In directives where
Spark is not the preferred runtime target, character columns are truncated
based on the value of the field Maximum length for SAS
columns. This field is available in the General
Preferences panel of the Configuration window.
The default value is 1024 characters. Source columns with string data
types such as VAR and VARCHAR are truncated in SAS when their length
exceeds the specified limit. The truncation occurs when SAS reads
source columns into memory.
In Spark-enabled directives,
the truncation of string columns differs between source columns that
return a length, and source columns that do not return a length. Hive
releases prior to 0.14.0 do not return a length for VAR and VARCHAR
columns.
When Spark is enabled,
and when columns do return a string length,
strings are truncated according to the value of the configuration
option EXPRESS_MAX_STRING_LENGTH. The value of the Maximum
length for SAS columns field is ignored.
When Spark is enabled,
and when string columns do not return a length,
strings are truncated differently. The maximum string length is determined
by the lesser value of the configuration option EXPRESS_MAX_STRING_LENGTH
or the field Maximum length for SAS columns.
The default value of
the EXPRESS_MAX_STRING_LENGTH configuration option is 5 MB. To specify
a different value, ask your Hadoop administrator to update the app.cfg
file on each node that runs the SAS Data Management Accelerator for
Spark. In those files, add or update the label/value pair for EXPRESS_MAX_STRING_LENGTH.

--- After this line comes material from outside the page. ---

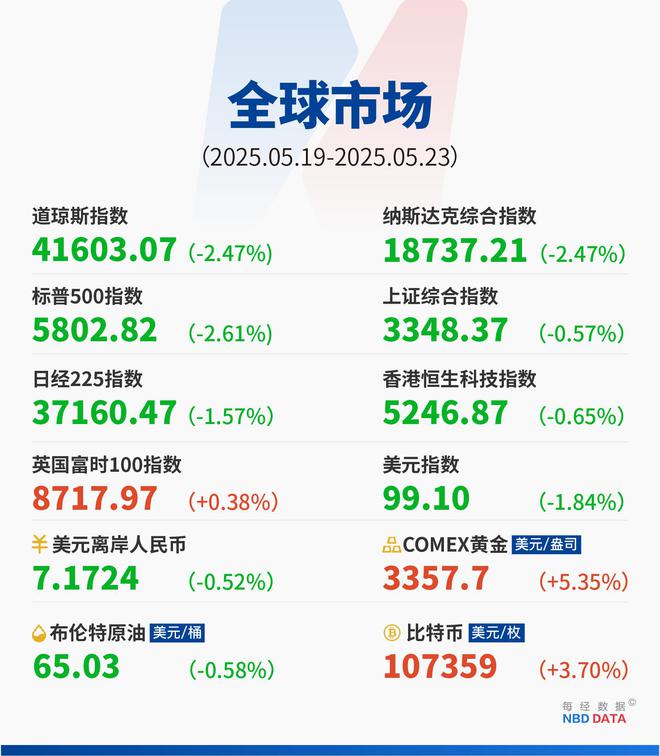 美日长债拍卖遭遇“滑铁卢”，华尔街预警美主权评级还将连降六级；特朗普为何突然对欧盟“发飙”；算力+多模态+智能体，英伟达、谷歌、微软对决升级｜一周国际财经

Note: The value of EXPRESS_MAX_STRING_LENGTH
also specifies the maximum amount of memory that is allocated for
the underlying expression. For this reason, Hadoop administrators
should be judicious when changing the default value.
VAR and VARCHAR columns
that do not return a length are converted to the STRING type in the
target so that they can receive a default length. To retain the original
column types, use the Manage Columns task in the directive. In Manage
Columns, the type of the target column needs to be VAR or VARCHAR
and a length specification is required.